DATA TO USE:
□ □ □

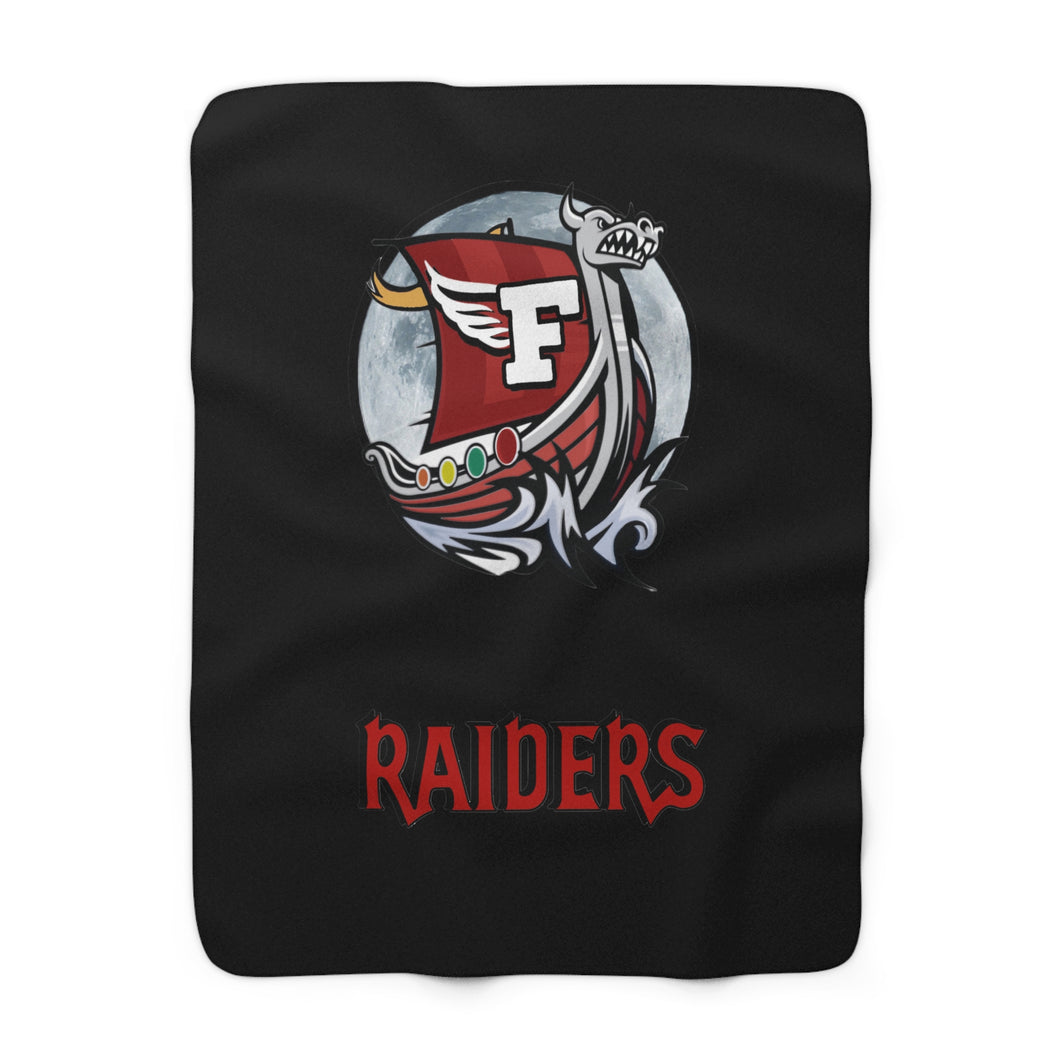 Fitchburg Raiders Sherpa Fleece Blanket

□ □ □

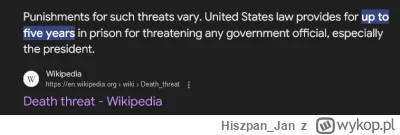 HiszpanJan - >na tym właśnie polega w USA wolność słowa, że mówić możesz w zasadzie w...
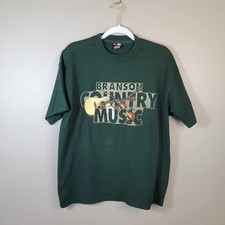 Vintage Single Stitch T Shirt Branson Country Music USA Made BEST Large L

□ □ □

TASK ITEM:
When you reach the line containing "HiszpanJan - >na" in the entries above, begin restating word for word, and stop once the line containing "Vintage Single Stitch" has been given. Omit the pictures.

RESPONSE AREA:
 HiszpanJan - >na tym właśnie polega w USA wolność słowa, że mówić możesz w zasadzie w...
 Vintage Single Stitch T Shirt Branson Country Music USA Made BEST Large L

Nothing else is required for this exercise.